All information given by or on behalf of Xxxxxxx to the Seller or any
shareholder, accountant, lawyer or agent thereof in the course of the
negotiations leading to this Agreement was, when given, and is at the date
hereof true, accurate and complete in all material respects.
2. Other Information.
There is no fact or matter which to the knowledge of Xxxxxxx, has not been
disclosed in writing to the Seller which renders the information referred
to in paragraph 1 untrue or misleading at the date of this Agreement or
which, on the basis of good faith, ought to be disclosed to any intending
Seller of the Shares or the disclosure of which might reasonably affect the
willingness of a Seller to sell the Shares on the terms (including the
consideration) contained herein. Xxxxxxx undertakes to disclose immediately
to each Seller anything which come to its notice which is or may be a
breach of any of the warranties set forth in this Schedule 5.1.

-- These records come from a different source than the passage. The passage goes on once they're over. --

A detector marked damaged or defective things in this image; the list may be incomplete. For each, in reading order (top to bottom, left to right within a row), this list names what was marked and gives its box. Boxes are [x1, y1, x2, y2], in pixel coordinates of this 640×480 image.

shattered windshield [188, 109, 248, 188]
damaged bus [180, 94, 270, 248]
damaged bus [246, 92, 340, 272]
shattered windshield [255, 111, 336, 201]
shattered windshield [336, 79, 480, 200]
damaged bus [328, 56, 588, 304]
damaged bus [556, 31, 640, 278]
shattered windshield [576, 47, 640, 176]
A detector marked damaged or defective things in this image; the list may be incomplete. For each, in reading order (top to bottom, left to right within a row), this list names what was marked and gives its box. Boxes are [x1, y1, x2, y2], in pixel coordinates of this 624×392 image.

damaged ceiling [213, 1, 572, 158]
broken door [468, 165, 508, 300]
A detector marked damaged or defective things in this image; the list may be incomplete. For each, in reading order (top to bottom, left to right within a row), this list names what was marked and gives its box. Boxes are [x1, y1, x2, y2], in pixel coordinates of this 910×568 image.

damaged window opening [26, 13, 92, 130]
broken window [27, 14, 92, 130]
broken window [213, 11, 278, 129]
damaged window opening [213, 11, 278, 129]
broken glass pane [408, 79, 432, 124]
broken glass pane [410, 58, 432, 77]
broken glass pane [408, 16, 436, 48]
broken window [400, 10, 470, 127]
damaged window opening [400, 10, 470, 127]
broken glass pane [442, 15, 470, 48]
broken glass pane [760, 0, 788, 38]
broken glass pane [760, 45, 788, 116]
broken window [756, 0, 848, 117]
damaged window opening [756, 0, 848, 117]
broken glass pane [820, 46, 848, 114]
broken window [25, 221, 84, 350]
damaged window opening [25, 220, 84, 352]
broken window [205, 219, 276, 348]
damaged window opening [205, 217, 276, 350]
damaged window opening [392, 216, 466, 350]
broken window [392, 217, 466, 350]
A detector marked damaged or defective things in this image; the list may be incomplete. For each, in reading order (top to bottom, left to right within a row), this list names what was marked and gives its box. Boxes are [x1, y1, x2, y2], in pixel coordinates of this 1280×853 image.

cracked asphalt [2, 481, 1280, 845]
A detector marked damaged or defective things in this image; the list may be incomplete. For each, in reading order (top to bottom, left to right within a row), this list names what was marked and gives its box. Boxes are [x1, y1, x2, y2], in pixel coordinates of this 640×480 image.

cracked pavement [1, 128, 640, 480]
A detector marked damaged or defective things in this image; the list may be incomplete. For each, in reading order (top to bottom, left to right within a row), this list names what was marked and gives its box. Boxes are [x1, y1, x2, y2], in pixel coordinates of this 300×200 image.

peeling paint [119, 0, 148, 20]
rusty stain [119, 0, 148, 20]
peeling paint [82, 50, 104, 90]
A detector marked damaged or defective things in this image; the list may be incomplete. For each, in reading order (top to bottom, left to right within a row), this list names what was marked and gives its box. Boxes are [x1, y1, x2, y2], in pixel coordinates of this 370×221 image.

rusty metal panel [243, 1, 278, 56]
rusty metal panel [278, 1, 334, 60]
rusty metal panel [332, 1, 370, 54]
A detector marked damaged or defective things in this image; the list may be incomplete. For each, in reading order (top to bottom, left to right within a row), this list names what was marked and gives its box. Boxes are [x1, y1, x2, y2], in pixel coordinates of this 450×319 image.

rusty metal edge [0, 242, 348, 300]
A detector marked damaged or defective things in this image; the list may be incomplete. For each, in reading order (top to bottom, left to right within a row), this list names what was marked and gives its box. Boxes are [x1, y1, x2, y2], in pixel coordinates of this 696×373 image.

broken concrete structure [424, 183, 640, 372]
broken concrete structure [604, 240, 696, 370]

3. Representations and Warranties
None of the representations or warranties made by Xxxxxxx in this Agreement
or in any document to be delivered by it pursuant hereto or in connection
with the transactions contemplated hereby contains or will contain any
untrue statement of a fact, or omits or will omit to state a fact necessary
to make any statement or fact contained herein or therein not misleading.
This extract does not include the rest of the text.